SOURCE DATA ▸
● ● ●
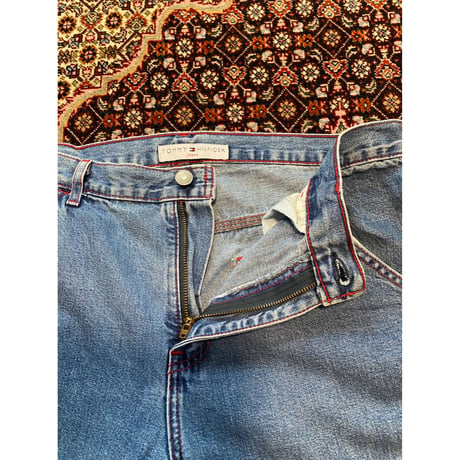 [USED] "TOMMY HILFIGER"ペインターパンツ
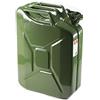 TMS.MAX Tanica in metallo, 20 litri, per benzina/diesel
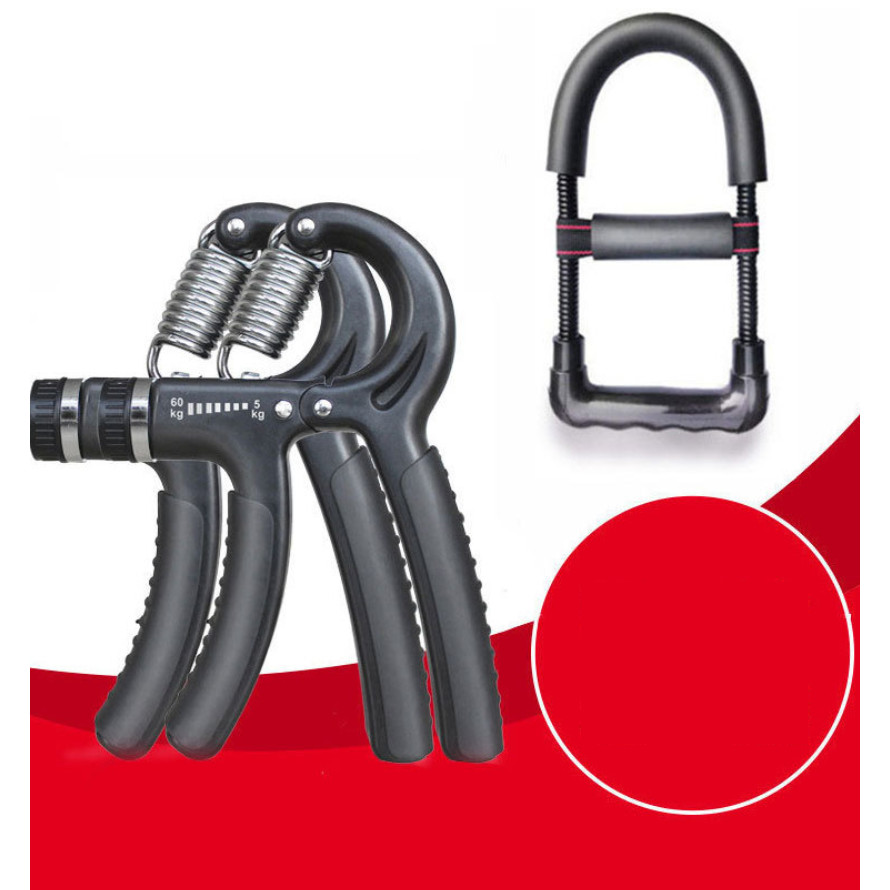 Dụng Cụ Bẻ Cổ Tay và Kìm Bóp Cơ Tay Lực Điều Chỉnh 5-60Kg Dùng Cho Mọi Lứa Tuổi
● ● ●
PROBLEM STATEMENT ▸
For the material above, give every line again exactly and leave out the pictures.

WRITTEN SOLUTION ▸
 [USED] "TOMMY HILFIGER"ペインターパンツ
 TMS.MAX Tanica in metallo, 20 litri, per benzina/diesel
 Dụng Cụ Bẻ Cổ Tay và Kìm Bóp Cơ Tay Lực Điều Chỉnh 5-60Kg Dùng Cho Mọi Lứa Tuổi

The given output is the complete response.